Fight parasites (such as helminths)

Question 21

What white blood cell may be elevated in the case of chronic allergies, and what is this state called?

Answer 21

Eosinophils / Eosinophillia

Question 22

How might one identify an Eosinophil visually?

Answer 22

Very granular, with a bi-lobar nucleus and pink / red granules.

Question 23

What is the function of a Basophil?

Answer 23

Binds Antigen-IgE antibody complex

Functionally related to Mast Cells

Releases vasoactive agents

Plays a role in allergic hypersensitivity and anaphylaxis

Question 24

How might one visually recognize a Basophil?

Answer 24

It looks like 100% granules. Sometimes you can see the bilobar nucleus, but it’s mostly covered in granules.

Question 25

What are the three types of Lymphocytes and their characteristics?

Answer 25

T Lymphocytes: Undergo differentiation in the thymus, have a long life span, are associated with cell mediated immunity.

B Lymphocytes: Differentiate in the bone marrow, transform into plasma cells and make antibodies.

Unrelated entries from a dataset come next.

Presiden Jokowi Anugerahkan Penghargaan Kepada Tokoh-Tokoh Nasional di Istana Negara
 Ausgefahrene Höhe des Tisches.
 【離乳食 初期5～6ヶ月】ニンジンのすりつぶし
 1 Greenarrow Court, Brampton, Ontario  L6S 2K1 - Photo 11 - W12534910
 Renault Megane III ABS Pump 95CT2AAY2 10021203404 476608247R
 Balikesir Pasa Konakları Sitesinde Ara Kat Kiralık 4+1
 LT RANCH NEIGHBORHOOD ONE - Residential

Natural Killer Cells: Programmed to kill virus infected or tumor cells.

Question 26

How might one visually identify a lymphocyte?

Answer 26

Large, single, central nucleus.

Question 27

What is the function of Monocytes?

Answer 27

Contain Azurophilic granules; like neutrophils

Differentiate into phagocytes in the tissues - including Osteoclasts, Kupffer cells of the liver, and the macrophages of connective tissue, lymph, spleen and bone marrow.

Question 28

How might one visually identify a monocyte?

Answer 28

Kidney-shaped indented nucleus, no granules.

Question 29

What causes a monocyte to undergo diapedesis?

Answer 29

Inflammation

Question 30

What are thrombocytes derived from?

What is their life span?

Answer 30

Megakaryocytes: they are bits of cytoplasm from that cell.

They have a life span of 10 days.

Question 31

What are the functions of thrombocytes to control bleeding?

Answer 31

Release of serotonin (a vasoconstrictor)

Release of ADP and Thromboxane A₂: Function to increase platelet aggregaton and helps to form the primary hemostatic plug

Provide a surface for conversion of fibrinogen to fibrin. (This forms the secondary hemostatic plug)

Question 32

What is the normal RBC percentage for a male?

What about for a female?

Answer 32

39-50% for Males

35-45% for Females

(This will probably be provided on a test, but it may be worth knowing)

Question 33

What are alpha and beta globulins?

What is their function?

Answer 33

They are non-immune globulins

They help maintain the osmotic pressure within the vascular system (along with albumin) and serve as carrier protiens.